**DIRECTIONS FOR THIS TASK**
Print a faithful copy of the data below, word for word, with the pictures left out.

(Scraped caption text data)
******************************

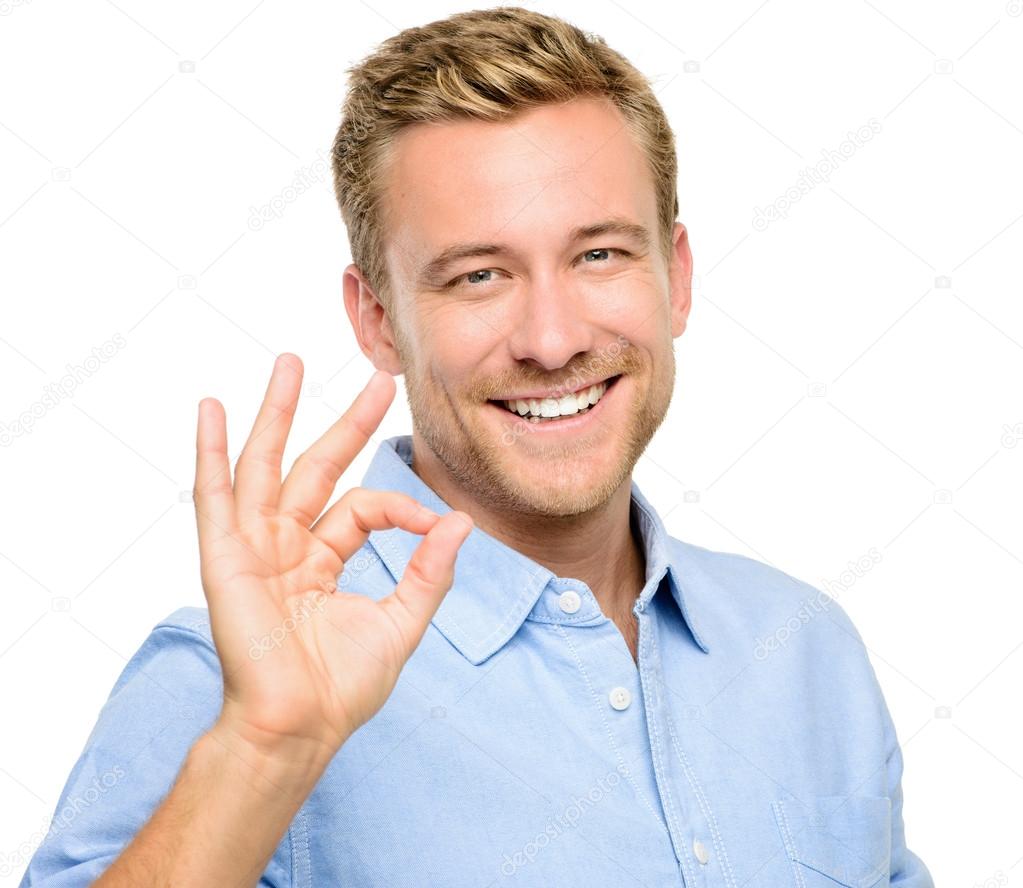 Happy Man Okay Sign Portrait On White Background Stock Photo By C Aila Images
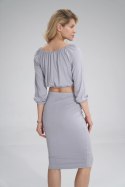 Bluzka Model M781 Light Grey - Figl - S/M Bluzka Model M781 Light Grey - Figl - S/M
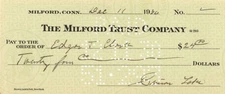 Milford Trust Company Check signed by Simon Lake - 1930-1933 dated Autograph - A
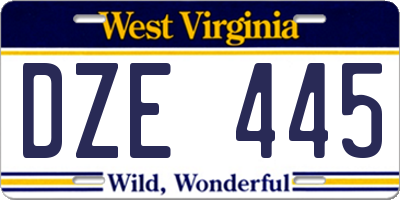 WV license plate DZE445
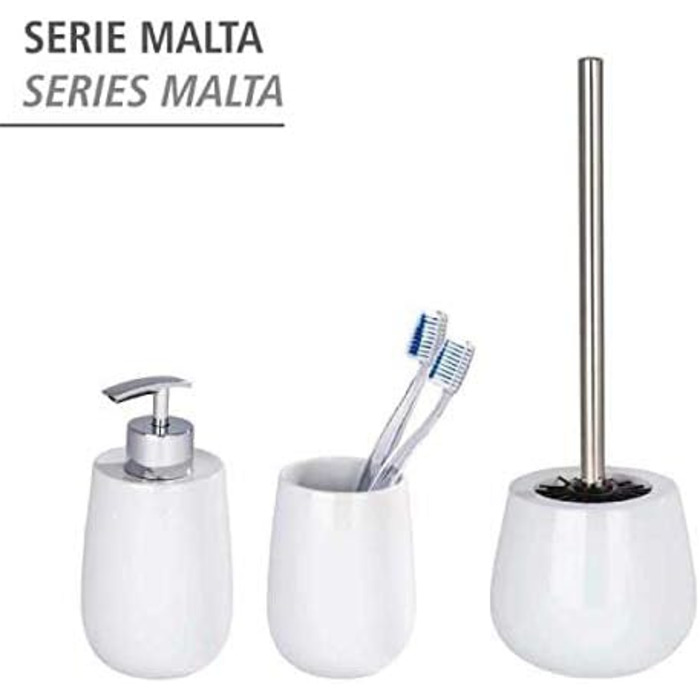 Дозатор для мила WENKO Malta, керамічний, 290 мл, білий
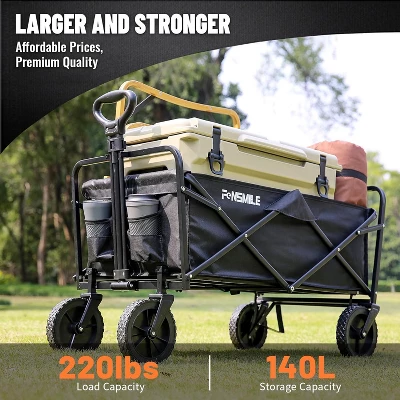 Collapsible Folding Wagon, Heavy Duty 220Lbs Capacity, Foldable Utility Cart For Outdoor Camping, Grocery, Sports, Beach - All Terrain 5 Collapsible Folding Wagon, Heavy Duty 220Lbs Capacity, Foldable Utility Cart For Outdoor Camping, Grocery, Sports, Beach - All Terrain - Image 5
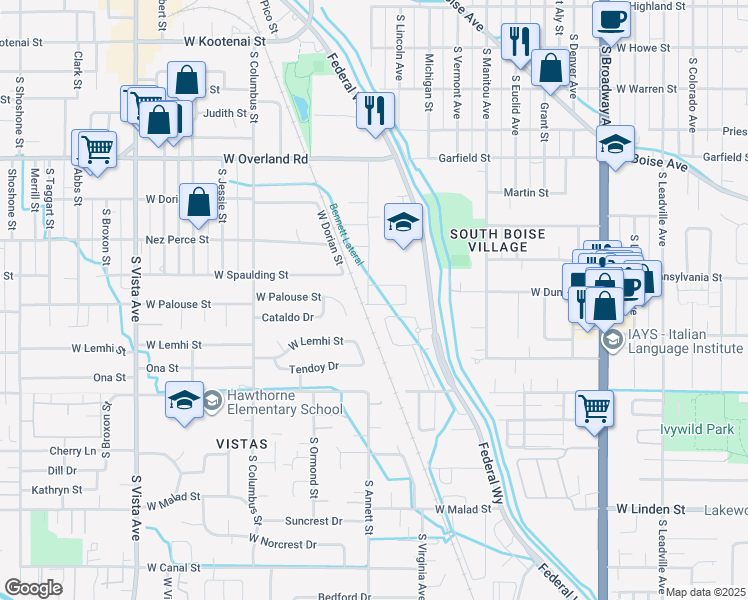 map of restaurants, bars, coffee shops, grocery stores, and more near 1728 Olympia Drive in Boise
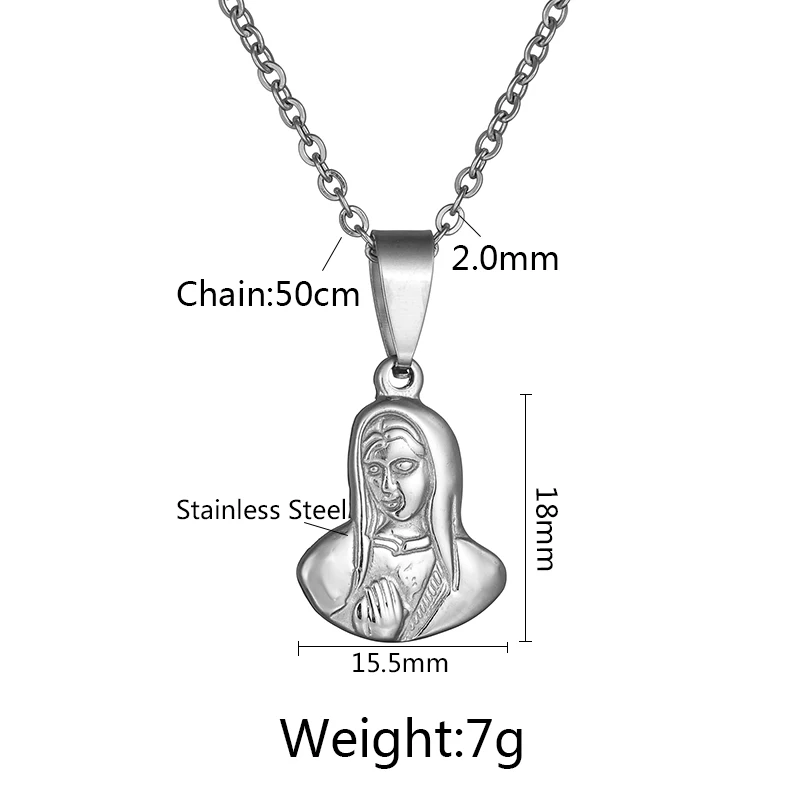 Nextvance Kokybės Nerūdijančio Mergelės Marijos, Jėzaus Kristaus Karoliai Ave Maria Šventoji Motina Amuletas Pakabukas Krikščionių Padėkos 4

******************************

**RESULT FOR THIS EXERCISE**
 Happy Man Okay Sign Portrait On White Background Stock Photo By C Aila Images
 Bluzka Model M781 Light Grey - Figl - S/M Bluzka Model M781 Light Grey - Figl - S/M
 Milford Trust Company Check signed by Simon Lake - 1930-1933 dated Autograph - A
 WV license plate DZE445
 Дозатор для мила WENKO Malta, керамічний, 290 мл, білий
 Collapsible Folding Wagon, Heavy Duty 220Lbs Capacity, Foldable Utility Cart For Outdoor Camping, Grocery, Sports, Beach - All Terrain 5 Collapsible Folding Wagon, Heavy Duty 220Lbs Capacity, Foldable Utility Cart For Outdoor Camping, Grocery, Sports, Beach - All Terrain - Image 5
 map of restaurants, bars, coffee shops, grocery stores, and more near 1728 Olympia Drive in Boise
 Nextvance Kokybės Nerūdijančio Mergelės Marijos, Jėzaus Kristaus Karoliai Ave Maria Šventoji Motina Amuletas Pakabukas Krikščionių Padėkos 4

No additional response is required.